• [Prompt] Output exactly, and only, the lines below from the one with "3色のアンスリウムの花言葉と誕生花 旅カメラ" down to the one with "Image of Polemonium caeruleum specimen.". Include both end lines and no pictures.

• [Supplied data]
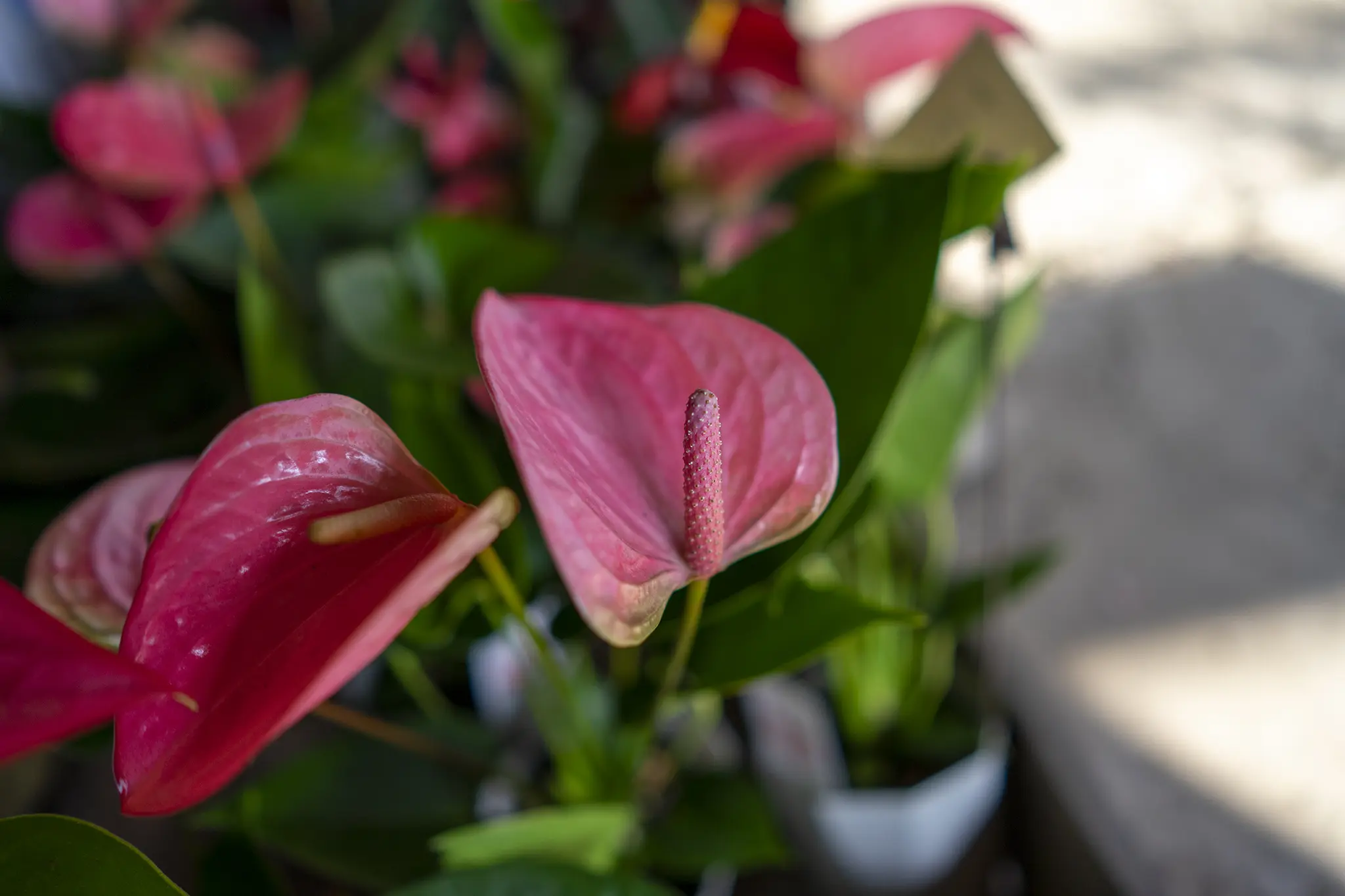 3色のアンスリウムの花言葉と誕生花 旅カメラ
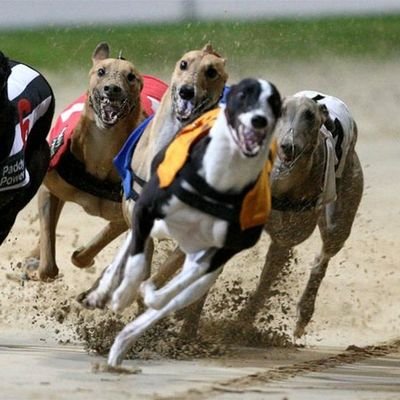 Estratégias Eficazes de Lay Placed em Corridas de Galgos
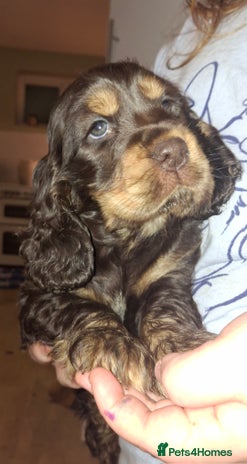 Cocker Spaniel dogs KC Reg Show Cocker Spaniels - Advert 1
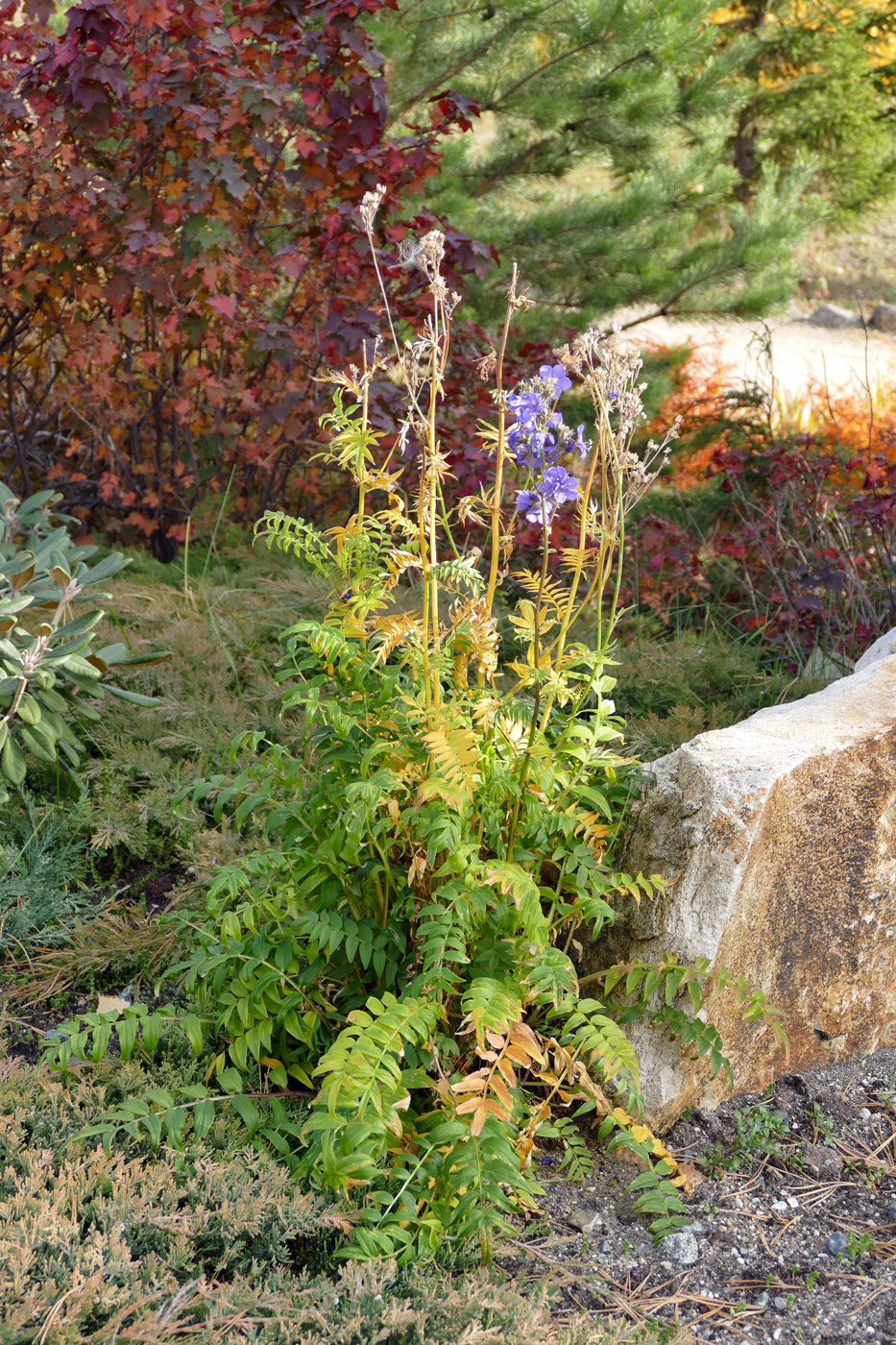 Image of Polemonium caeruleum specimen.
* * *
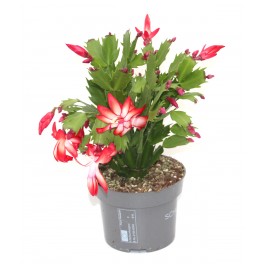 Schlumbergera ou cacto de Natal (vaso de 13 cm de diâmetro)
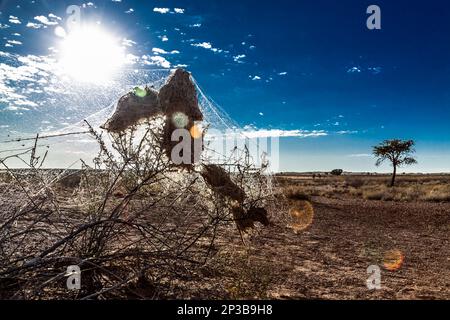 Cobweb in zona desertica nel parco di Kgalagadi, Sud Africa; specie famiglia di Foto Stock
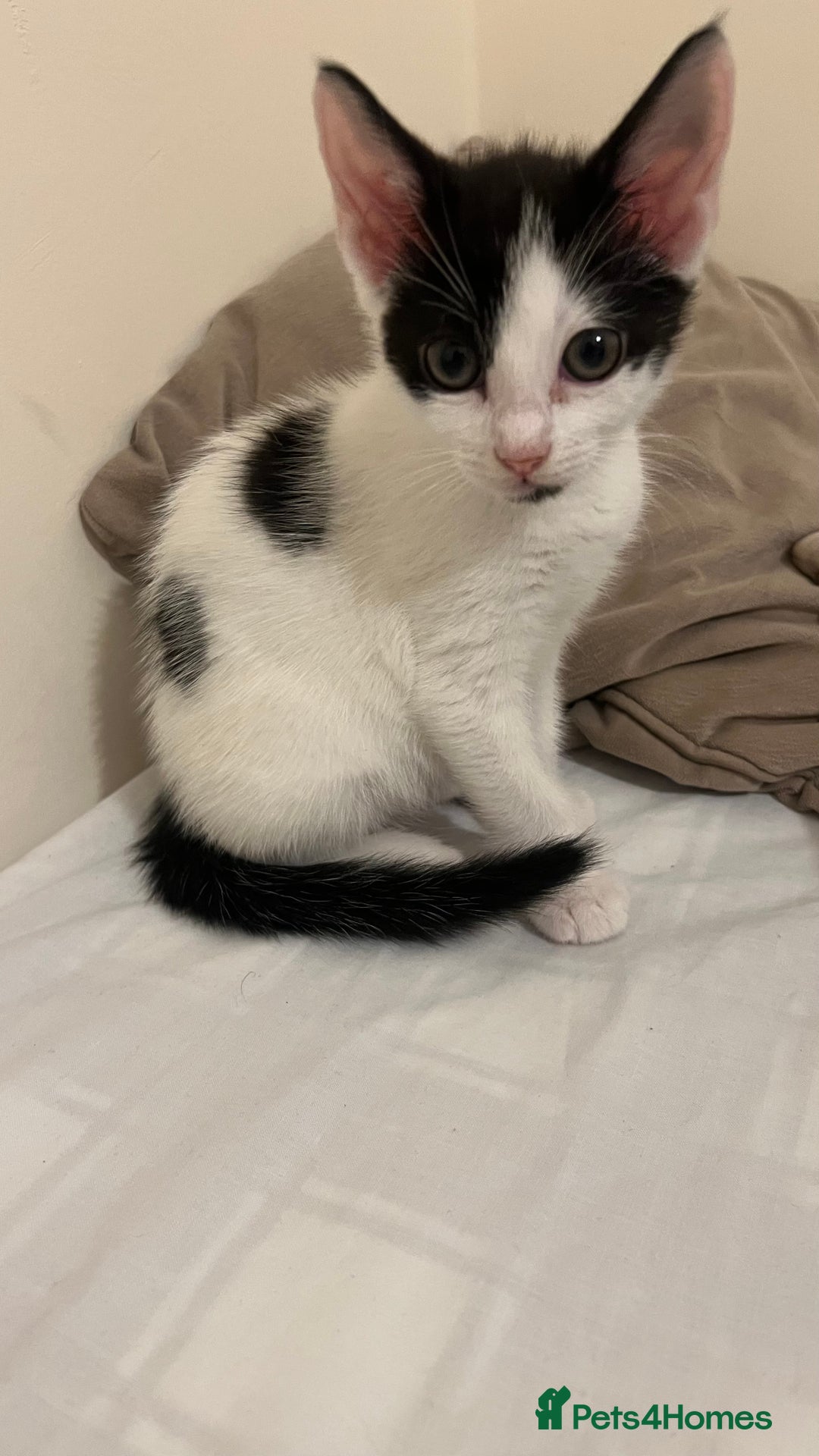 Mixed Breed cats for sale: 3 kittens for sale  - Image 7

• [Exercise result]
 3色のアンスリウムの花言葉と誕生花 旅カメラ
 Estratégias Eficazes de Lay Placed em Corridas de Galgos
 Cocker Spaniel dogs KC Reg Show Cocker Spaniels - Advert 1
 Image of Polemonium caeruleum specimen.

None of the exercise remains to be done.